Joannie Rochette skated to a bronze medal in figure skating at the 2010 Olympics just days after her mother died suddenly and uexpectedly. Believe me, the tears were flowing in this household. This description is one of the best analyses of the figure skating event I have seen (most of the time I'm not all that keen on figure skating).
...But none of that mattered because I was too busy rooting for Joannie Rochette to make it to the podium.
The Olympics are full of manufactured feeling, but this was a dose of the real thing. Rochette's performance was moving, nuanced, and intimate. You could feel Rochette's desire to be there, with the crowd, even in the midst of her loss (the evidence of which was written all over her face every now and then). Having lost my own mother a year ago, I could imagine some of what she was experiencing, and, like everyone else watching, was struck by her grace and composure and clarity. TV commentators often go for cheap sentiment, but in this case, the words courageous and inspiring really did apply. (Too bad many of us can no longer hear them without a dollop of cynicism attached.)

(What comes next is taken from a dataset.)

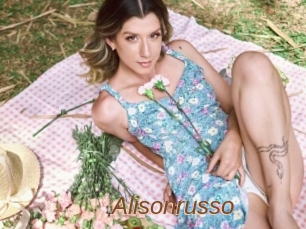 Alisonrusso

Rochette's performance had a timeless patience to it and was suffused with a sense of longing. She has said her mother was very important to her skating; she even told reporters that she'd had to ask her mother to come watch her practice once a week, as a way of motivating herself. (Rochette noted, too, that it can be embarrassing for a young adult to say she needs her mom—her frankness won me over utterly.) If some of her footwork seemed less artful than Yu-Na's, the height of her jumps less stunning, so be it. She had our attention, and not merely because her mother died, but because her mother died and yet she went on to skate with a real quality of being present. You could see what this meant to her, and in that sense her mother lingered over the performance like the track of the skate on the ice. The performance was an act of ritual attentiveness, and we were lucky to witness it. At the end of her lovely, focused program—in which she offered up a number of solid jumps—she craned her neck upward and blew a kiss—to her father and, perhaps, also to her mother. Her eyes moved around the stadium almost as if she were looking for her. I couldn't help feeling that I wanted to say, as one motherless daughter to another, what millions surely thought: Surely her mother would have been proud. It's not sappy to say so.
Tears, again, as I re-read that. Very moving.